(Short descriptive text snippets)
========================

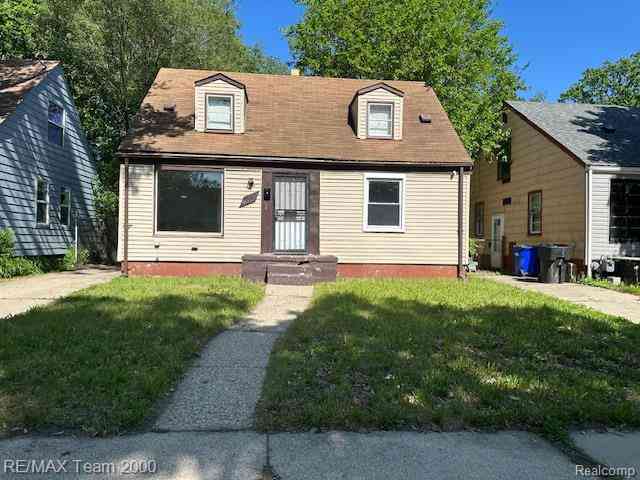 Homes For Sale - 20044 Ferguson Street <br/> Detroit, MI 48235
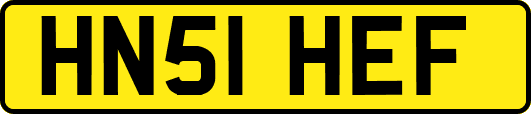 HN51HEF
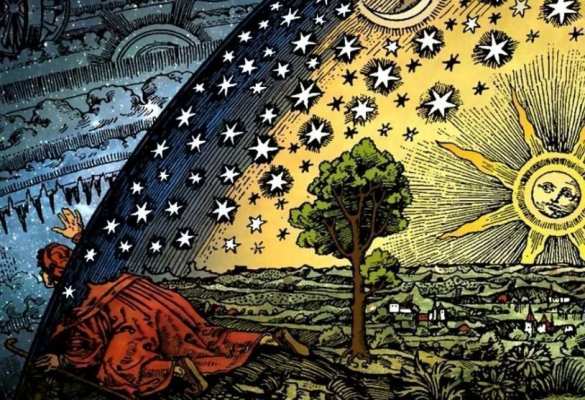 «Арийская математика», Белобог, ящеры и пастораль: рекомендации от Минобраза Украины по воспитанию молодёжи | Русская весна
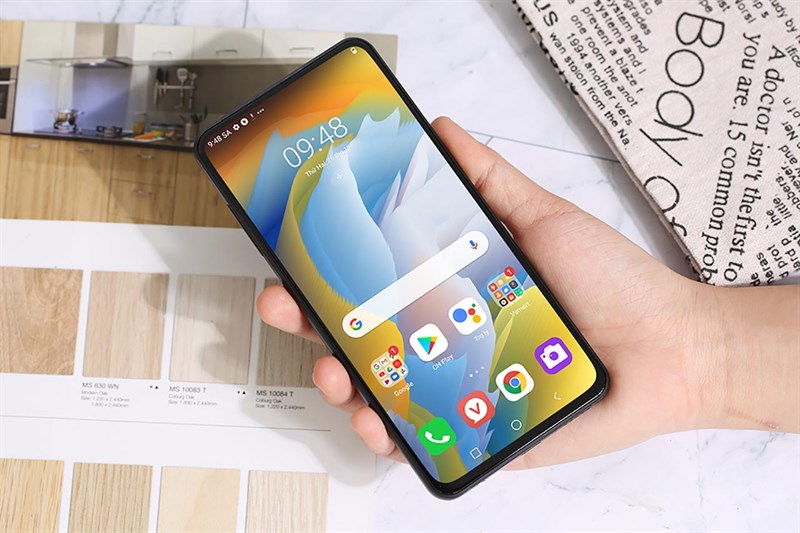 5 điện thoại Vsmart giảm giá sâu nhất, toàn những máy được yêu thích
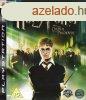 Harry Potter s a Fnix rendje Ps3 jtk (hasznlt)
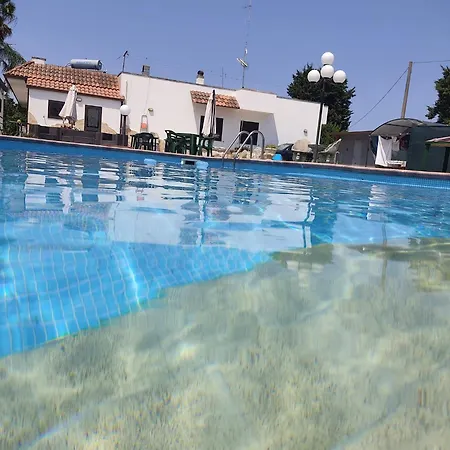 Da Assunta Apartment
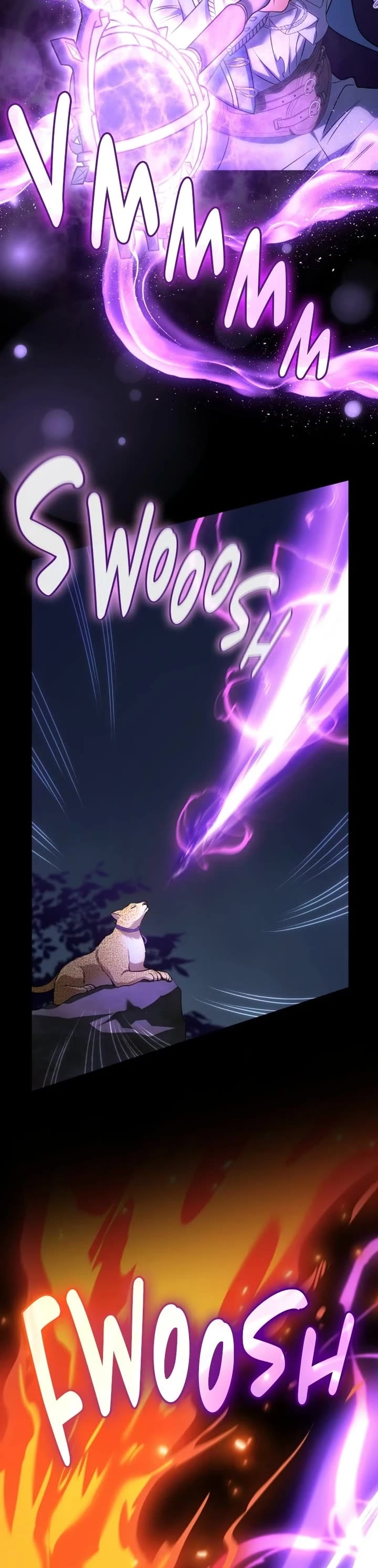 In the Name of Special Contract Marriage Chapter 34 page 35 - Chapter 34: Episode 34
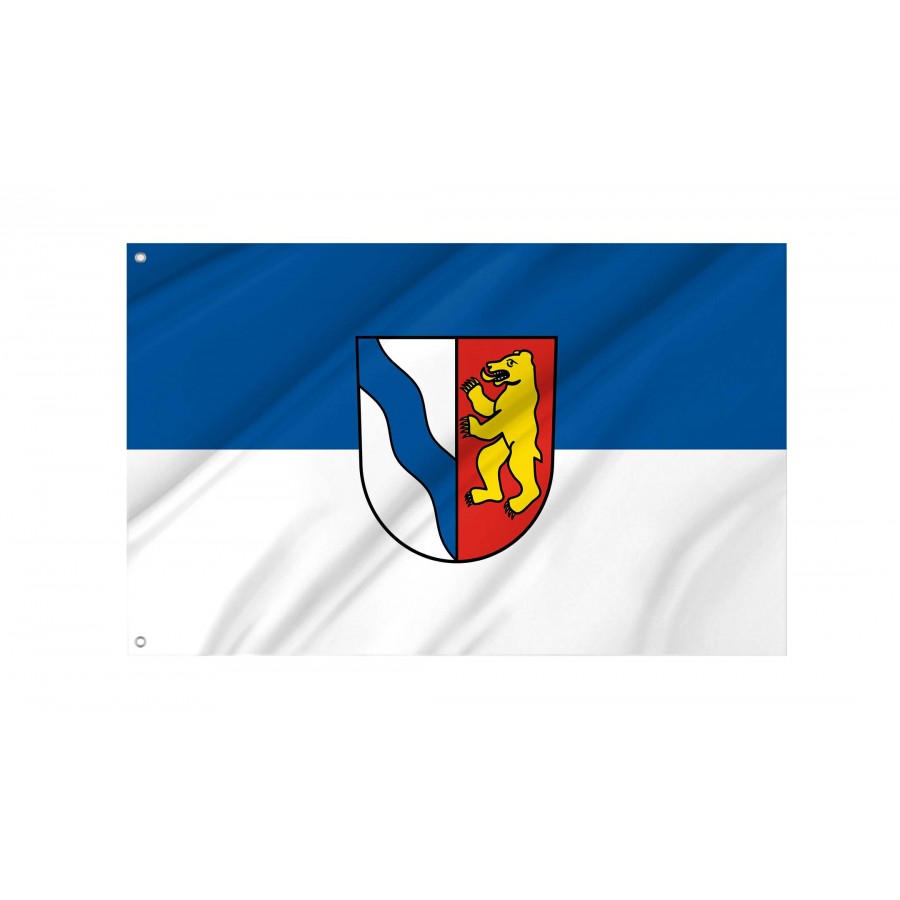 Eggingen Flagge - Deutschland schnelle lieferung & qualitativ hochwertig | kaufeflaggen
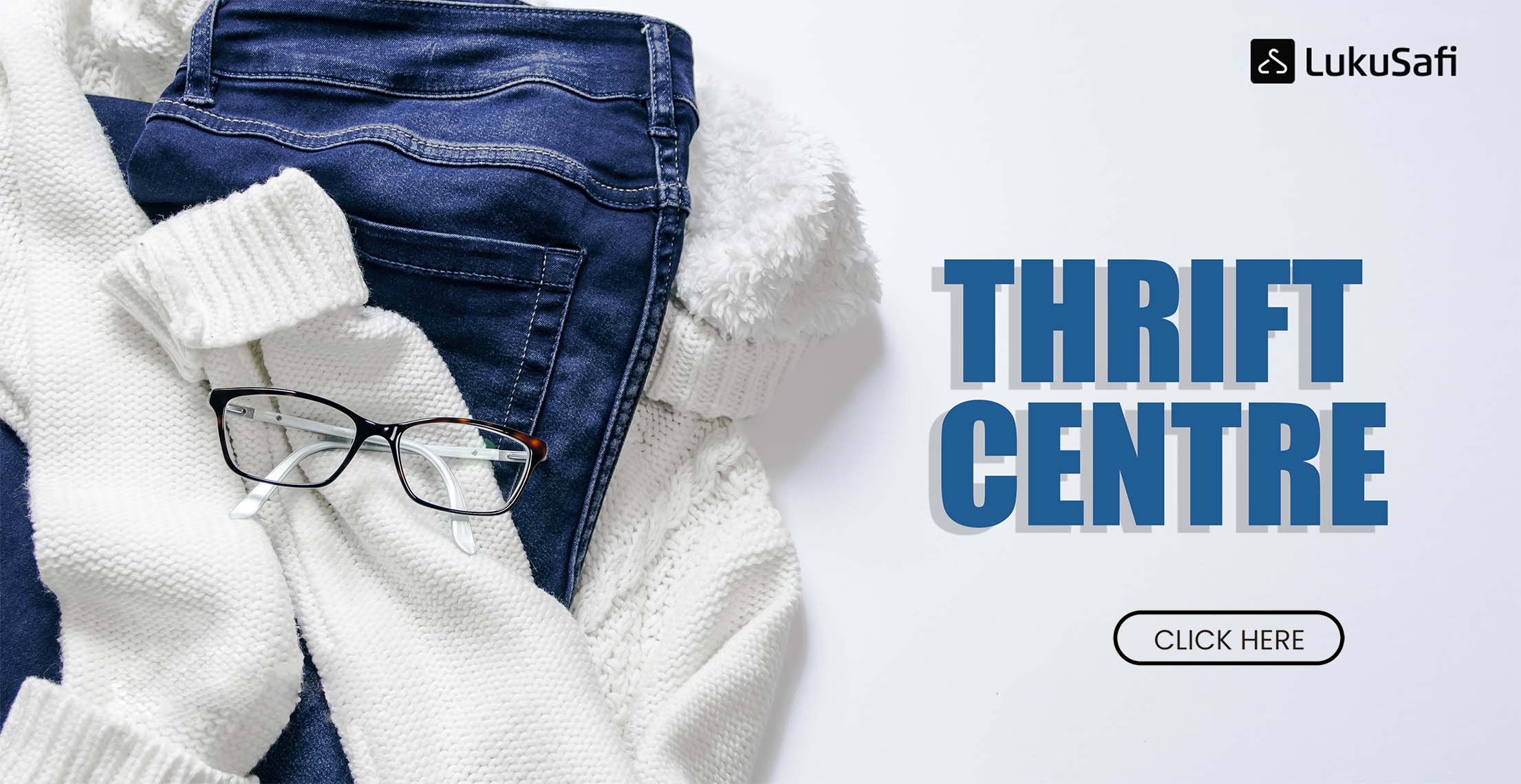 Lukusafi - Discover, Shop, and Set the Trends! promo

========================

What is needed is every line of the data above, set down exactly but with the images left out.

 Homes For Sale - 20044 Ferguson Street <br/> Detroit, MI 48235
 HN51HEF
 «Арийская математика», Белобог, ящеры и пастораль: рекомендации от Минобраза Украины по воспитанию молодёжи | Русская весна
 5 điện thoại Vsmart giảm giá sâu nhất, toàn những máy được yêu thích
 Harry Potter s a Fnix rendje Ps3 jtk (hasznlt)
 Da Assunta Apartment
 In the Name of Special Contract Marriage Chapter 34 page 35 - Chapter 34: Episode 34
 Eggingen Flagge - Deutschland schnelle lieferung & qualitativ hochwertig | kaufeflaggen
 Lukusafi - Discover, Shop, and Set the Trends! promo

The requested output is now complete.